Then, referring to Step 8 of FIG. 16, in the pre-press bonding section 6, IC chips 102 are preliminarily bonded onto the LCD boards 101 sucked and held onto the sucking sections 23A to 23D of the pallet 2. During this step, the second carrying mechanism 96B has been moved downward up to a lowermost position as shown in FIG. 20F, and undersides of the LCD boards 101 come into contact with the backup tool 64 as indicated by the two-dot-chain line in FIG. 13. In the pre-press bonding section 6, the IC chips 102, having been fed from the IC chip feeding section 8 to the pre-press bonding head 62 by the pickup head 67, are positioned relative to mounting positions of the LCD boards 101 based on recognition results from the recognition camera 69, and then subjected to pre-press bonding. Further, in the pre-press bonding section 6, while the second carrying mechanism 96B is being moved at regular pitches in the positive X-axial direction, the IC chips 102 are preliminarily bonded on each of the LCD boards 101 sucked and held onto the sucking sections 23A to 23D of the pallet 2.

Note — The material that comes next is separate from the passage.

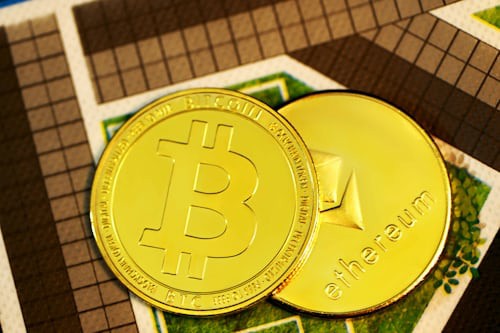 从一夜暴富到被全美通缉:孙晨宇的传奇与崩溃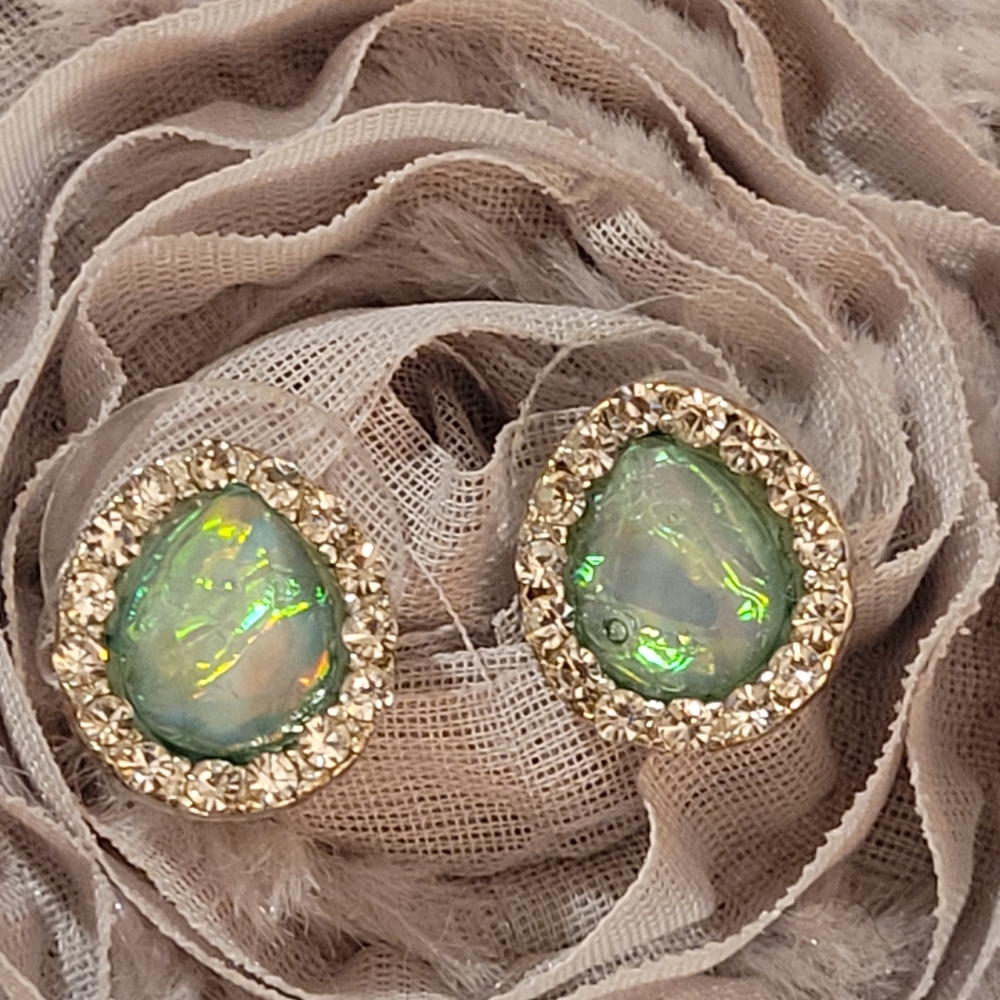 Multicolor and clear earrings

After completion of this pre-press bonding of the IC chips 102, the second carrying mechanism 96B is moved to the second intermediate stage 94B. After that, the pallet 2 is transferred from the second carrying mechanism 96B to the second intermediate stage 94B at Step 9 in FIG. 16. This transference of the pallet 2 is performed in the same manner as is the transference of the pallet 2 from the first carrying mechanism 96A to the first intermediate stage 94A described with reference to FIGS. 19A to 19E. The pallet 2 transferred to the second intermediate stage 94B is then transferred from the second intermediate stage 94B to the third carrying mechanism 96C at Step 10 in FIG. 16. This transference of the pallet 2 is performed in the same manner as is the transference of the pallet 2 from the first intermediate stage 94A to the second carrying mechanism 96B described above with reference to FIGS. 20A to 20F.

At Step 11 of FIG. 16, the third carrying mechanism 96C holding the pallet 2 is moved to the final press bonding section 7, and the IC chips 102 are bonded to the LCD boards 101 sucked and held onto the sucking sections 23A to 23D of the pallet 2. In this example, main bonding is performed for all the LCD boards 101 held onto the pallet 2 at once by the heating-pressing tool 71 of the final press bonding section 7.

After completion of this final press bonding, the third carrying mechanism 96C is moved to the unloading stage 41 of the unloading section 4.

Then, at Step 12 in FIG. 16, the pallet 2 is transferred from the third carrying mechanism 96C to the unloading stage 41. This transference of the pallet 2 is described with reference to FIGS. 21A to 21F. As shown in FIGS. 21A and 21B, the third carrying mechanism 96C is first moved in the positive X-axial direction up to the unloading stage 41. Then, as shown in FIG. 21C, the third carrying mechanism 96C is moved downward until the underside of the pallet 2 comes into contact with the unloading stage 41. At this point in time, the suction pad 48D of the unloading stage 41 is aligned with the first port 27A of the pallet 2. Then, the vacuum suction pump P8 of the unloading stage 41 starts sucking. As a result, by a sucking force of the vacuum suction pump P8, the pallet 2 is sucked and held onto the suction pads 48A to 48C of the unloading stage 41, and the LCD boards 101 are sucked and held on the pallet 2. Then, the vacuum suction pump P16 of the third carrying mechanism 96C stops sucking. As a result, the pallet 2 is left to be merely placed on the third carrying mechanism 96C.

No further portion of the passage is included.